I’m going to do this through a game. It’s called the ultimatum game. Economists have come up with this as a way to understand the nature of human interaction in very specific economic settings. So, let me tell you how it works. Suppose we have a proposer, let’s say me, and the proposer’s job is to propose to another individual, say you, how to divide up a certain amount of money that the proposer has access to, let’s say $10.

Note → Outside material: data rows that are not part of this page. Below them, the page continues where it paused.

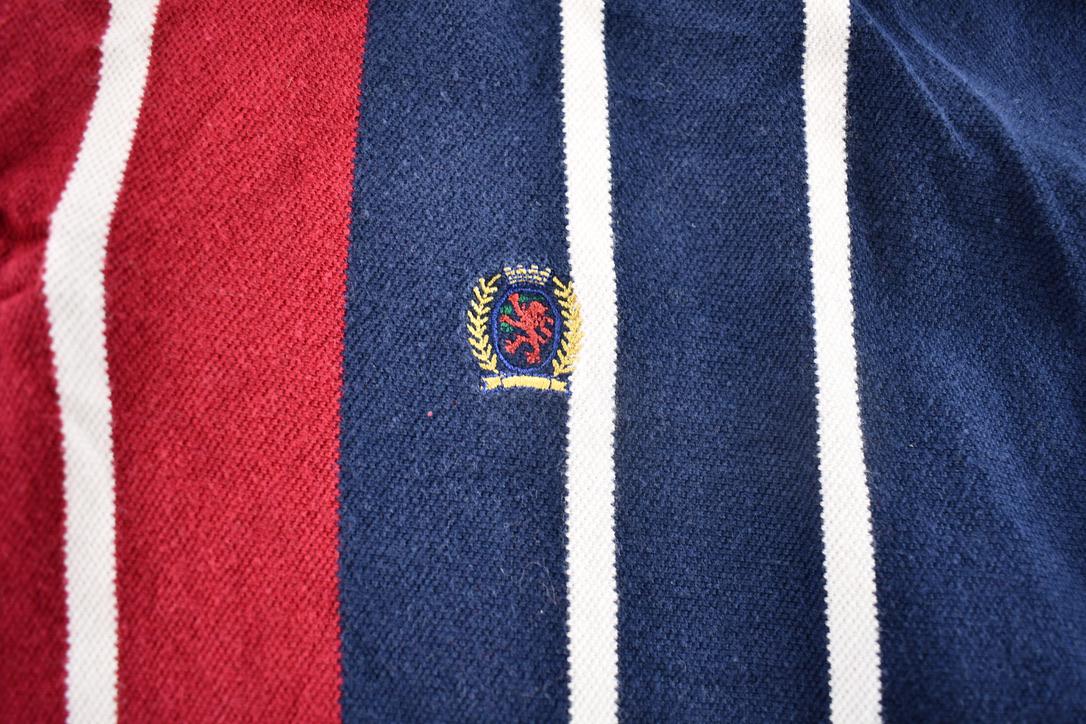 Vintage 2000s Striped Tommy Hilfiger Embroidered Emblem Polo Shirt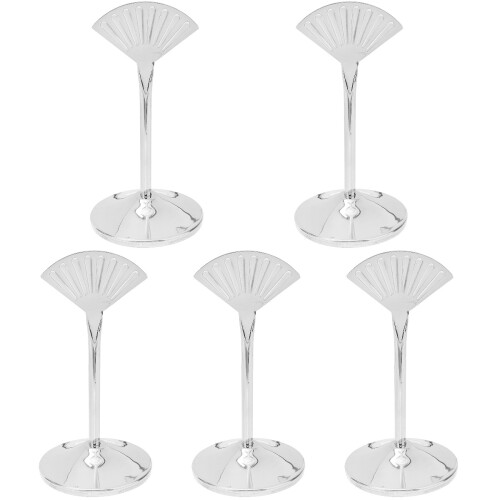 5Pcs Silver Menu Card Holder Stable Tabletop Place and Number Clips 2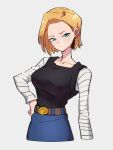  1girl android_18 belt blonde_hair blue_eyes breasts brown_belt closed_mouth collarbone dragon_ball dragon_ball_z earrings grey_background hand_on_hip jewelry kemachiku long_sleeves looking_at_viewer medium_breasts short_hair simple_background solo striped striped_sleeves white_sleeves 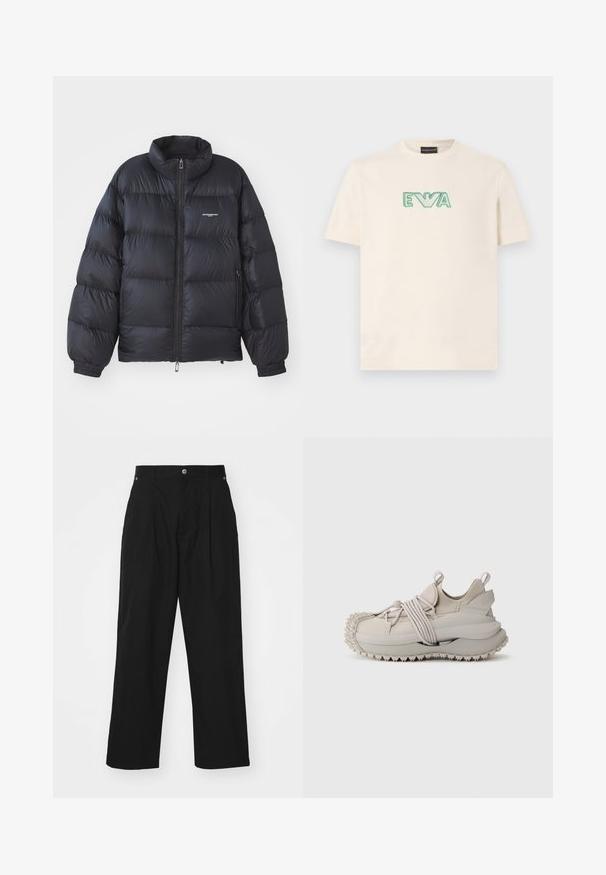 Sort pufferjakke med høj krave, lynlås i front, elastiske cuff-kanter og et logo på brystet. Glat, shiny materiale med polstret design.; Cremefarvet T-shirt med korte ærmer, grøn "EVA"-tekst og en ørnlogo broderet på brystet, rund hals, fladt lagt på hvid baggrund.; Sorte bukser med brede ben lavet af letvægtsstof. Med knaplukning, frontfolder og to sidelommer.; Lys grå sneakers med en tekstureret sål, elastiske stropper og en polstret ankel. Designet med en afrundet tå og et minimalistisk silhuet.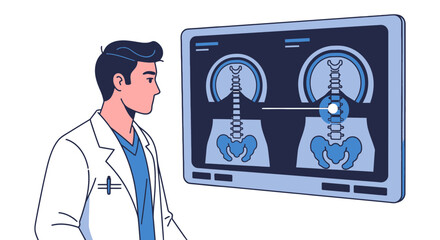 Medical Professional Analyzing Digital Spine X-ray Diagram For Diagnostic And Treatment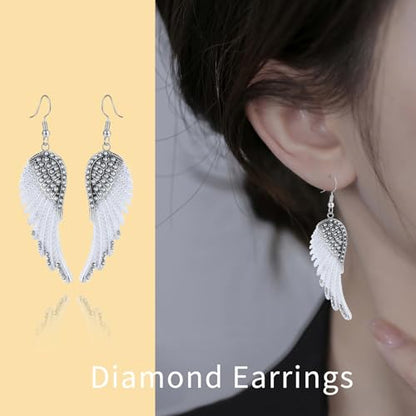 Angel Wings Dangle Earrings for Women Unique Rhinestones Copper Fairy Feather Guardian Dangle Drop Hook Womens Dangling Earrings Silver Plated Jewelry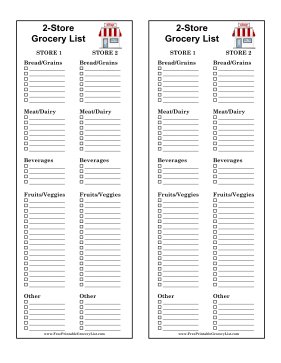 2-Column Grocery Lists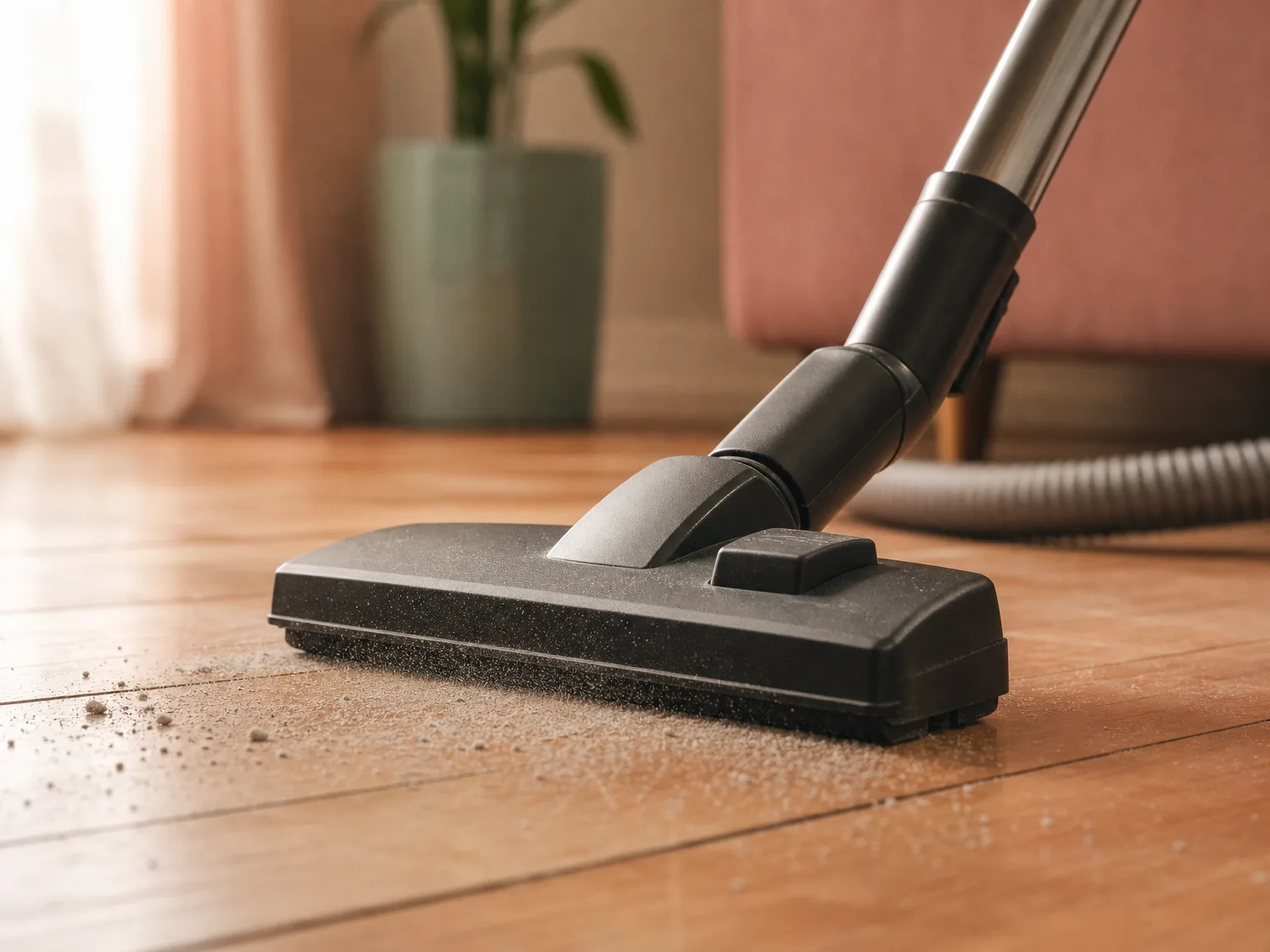 Close-up of a bagged canister vacuum floor head pulling fine dust from warm hardwood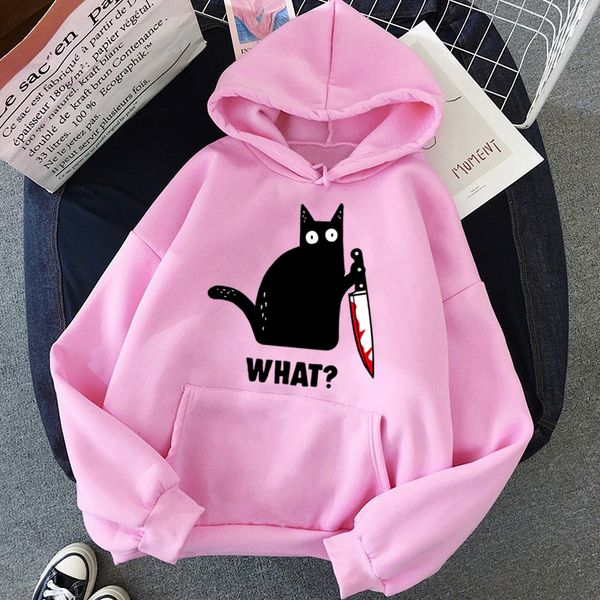 2020 autumn winter fleece women's sportswear harajuku print funny cat what hip hop clothing streetwear hoodies sweatshirt, Black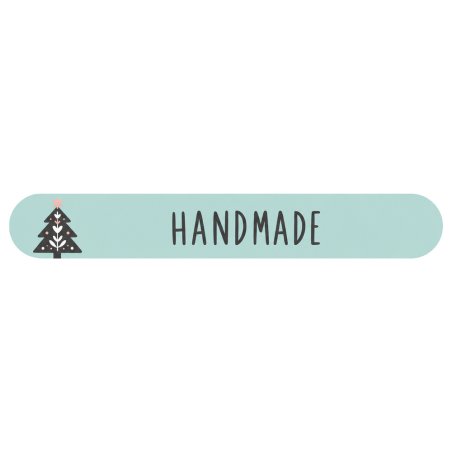 Tira cierrabolsas de Navidad Handmade azul agua con abeto.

So, my job is to propose to you a split for that $10. And I propose it to you, and your decision is simply to accept or reject the proposal. If you reject the proposal, then neither of us get the money. But if you accept it, then we get the money. It is split according to what we agreed upon. So, I offer you $5 out of the $10, you say, “Yes, I accept,” and in fact, the money is split between us.
But, if I offer you something else, and you say, “Nope, I reject it,” nobody gets the money. So, we’re going to play this game right now, for real. I need a volunteer. Who’s willing to play this game with me? Would you come down here for a second? Now, we need money. So, let’s get money from Jillian Ross. Jillian, would you come up here?
It’s not totally frivolous, given that she’s an expert in generative AI, and a PhD at MIT. She will be rolling in money soon. So, Jillian, I’m going to propose something to Fernando. And the question is whether or not you accept or not, okay?
So, I’m going to propose I give you $0.05. “I accept.” You accept. Excellent. And then I get the rest. You’re okay with that? You get $0.05, and then I can keep $9.95. You’re okay with that? “Ooh, no.” Okay. Sorry. I guess we don’t get the money.
I propose $4 to you. “No, no.” All right. End of the game. Sorry, Jillian. I lose two, you lose. Thank you very much, Fernando.
How do large language models behave? It turns out that most humans are 40% of the split they offer it. And it turns out that that’s actually usually enough to get people to agree. Large language models, not all of them are there yet, but some of them are. And through many other examples like this, we can actually map out the behavior of large language models that most humans engage in.
Conclusion: The Future of AI in Financial Advice
This ultimately will allow us to shape large language models to be fully trustworthy in ways that we are comfortable with. Much like people, the way that we learn about the golden rule in the playground, that do unto others as others do unto you. And eventually, as they get older, they learn a different version of the golden rule in the business world, which is those who have the gold usually make the rules.
So with that, the question is, how do we come up with large language models that will either assist, augment, or replace trusted financial advisors? And the answer is, come back in a year, we’ll tell you. Thank you very much.